> **Collected material**:
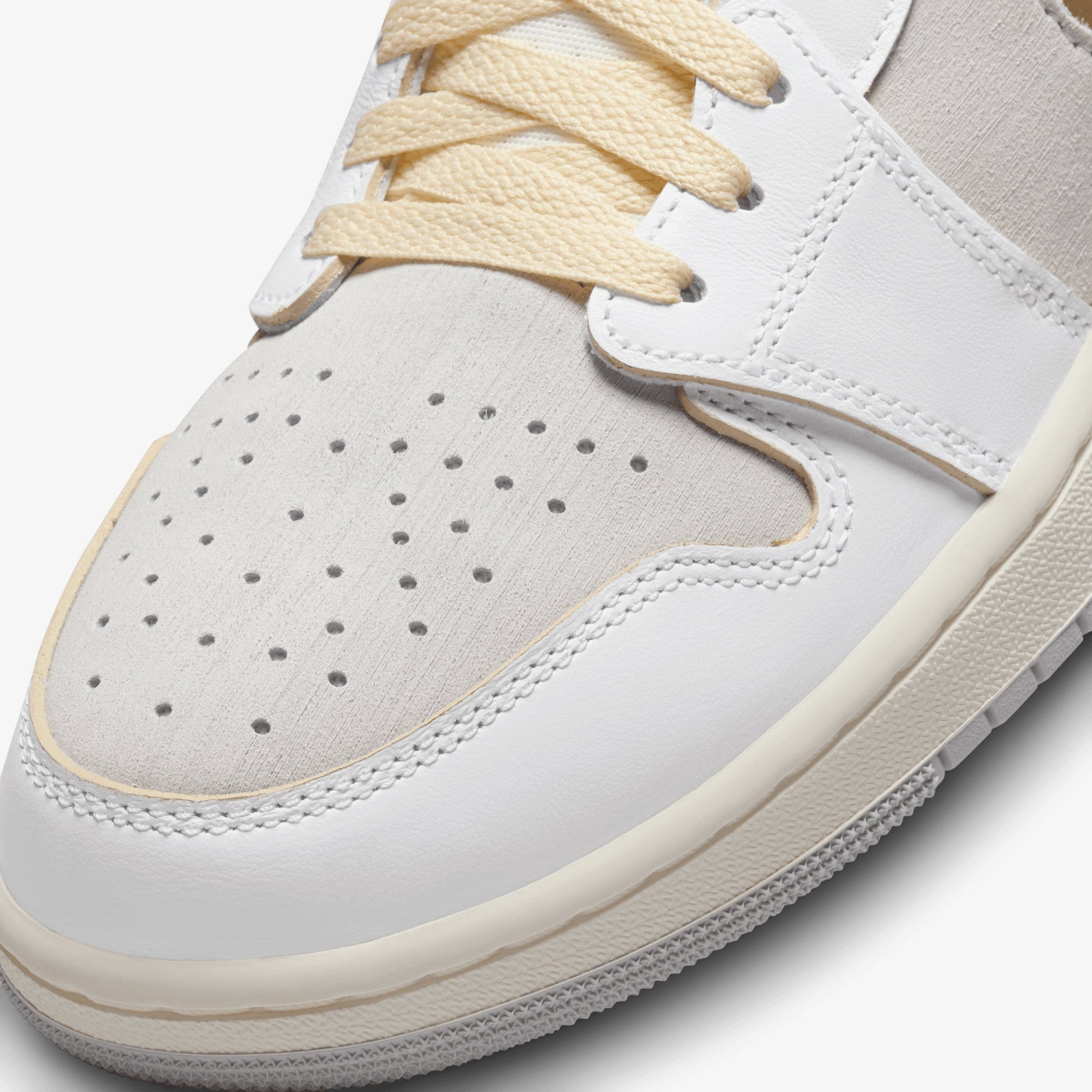 Jordan | AIR JORDAN 1 ZOOM CMFT 2  { WHITE/METALLIC GOLD-NEUTRAL GREY
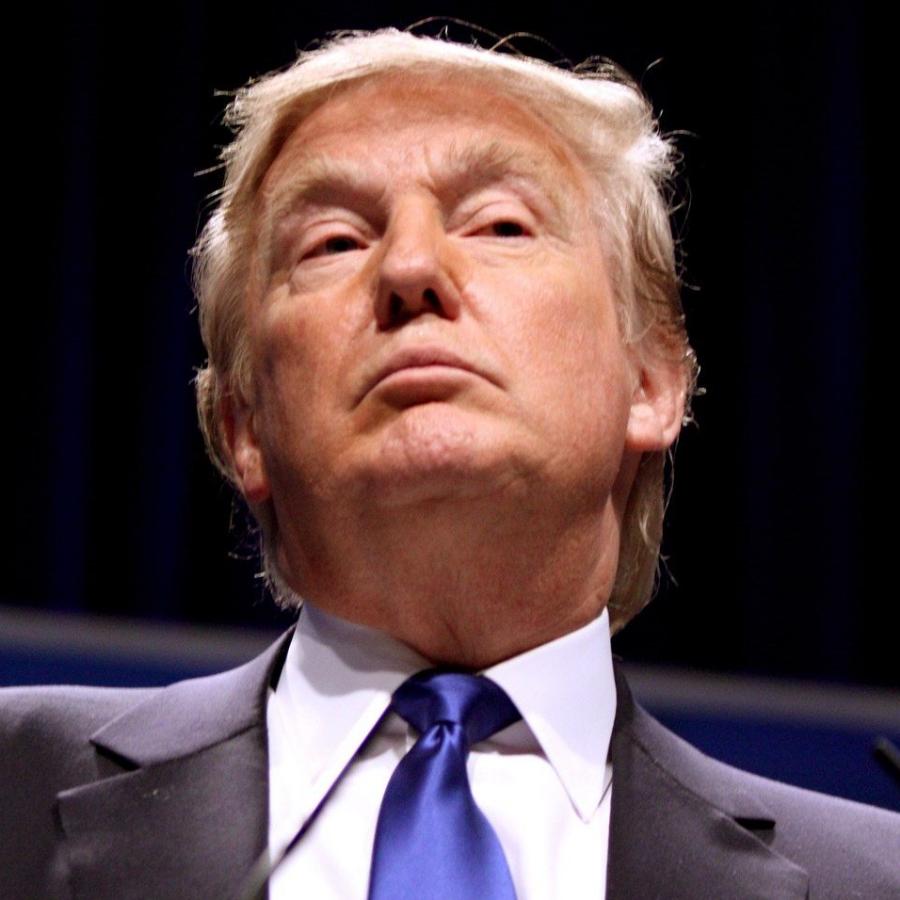 Трамп нажал кнопку. Красная кнопка президента. Жесты дональда трампа. Жесты политиков. Трамп нажал кнопку.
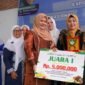 Ketua Staf Ahli TP PKK Aceh, Mukarramah Fadhlullah, secara resmi menutup Pekan Kreativitas Pangan Lokal Janeng 2025 yang mengusung tema “Gerakan Sadar Diversifikasi Pangan Lokal Aceh (Garda Pala)” dalam rangka memperingati Hari Pangan Sedunia, Rabu (16/10/2025) di Kuala Village Resto, Banda Aceh (Foto:Dok.Biro Adpim Setda Aceh) 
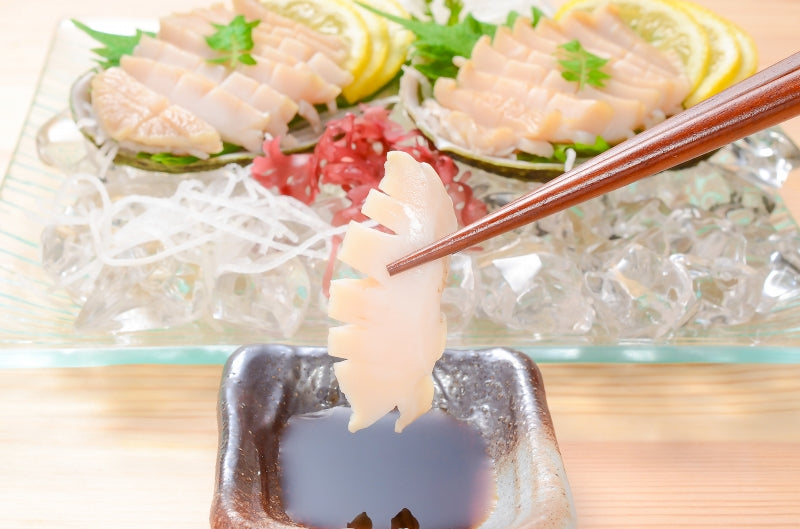 送料無料 あわび Lサイズ 1kg 1箱12個入り 殻つきお刺身用アワビ 高級料亭でも使用する新鮮な殻付きあわび 【あわび アワビ 鮑 お造り バター焼き ステーキ おせち 翡翠の瞳 貝柱 豊洲 寿司 海鮮 ギフト】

> **Work to be completed**:
An exact, picture-free copy of the listing above is the goal; write it out now.

> **Answer**:
 Jordan | AIR JORDAN 1 ZOOM CMFT 2  { WHITE/METALLIC GOLD-NEUTRAL GREY
 Трамп нажал кнопку. Красная кнопка президента. Жесты дональда трампа. Жесты политиков. Трамп нажал кнопку.
 Ketua Staf Ahli TP PKK Aceh, Mukarramah Fadhlullah, secara resmi menutup Pekan Kreativitas Pangan Lokal Janeng 2025 yang mengusung tema “Gerakan Sadar Diversifikasi Pangan Lokal Aceh (Garda Pala)” dalam rangka memperingati Hari Pangan Sedunia, Rabu (16/10/2025) di Kuala Village Resto, Banda Aceh (Foto:Dok.Biro Adpim Setda Aceh) 
 送料無料 あわび Lサイズ 1kg 1箱12個入り 殻つきお刺身用アワビ 高級料亭でも使用する新鮮な殻付きあわび 【あわび アワビ 鮑 お造り バター焼き ステーキ おせち 翡翠の瞳 貝柱 豊洲 寿司 海鮮 ギフト】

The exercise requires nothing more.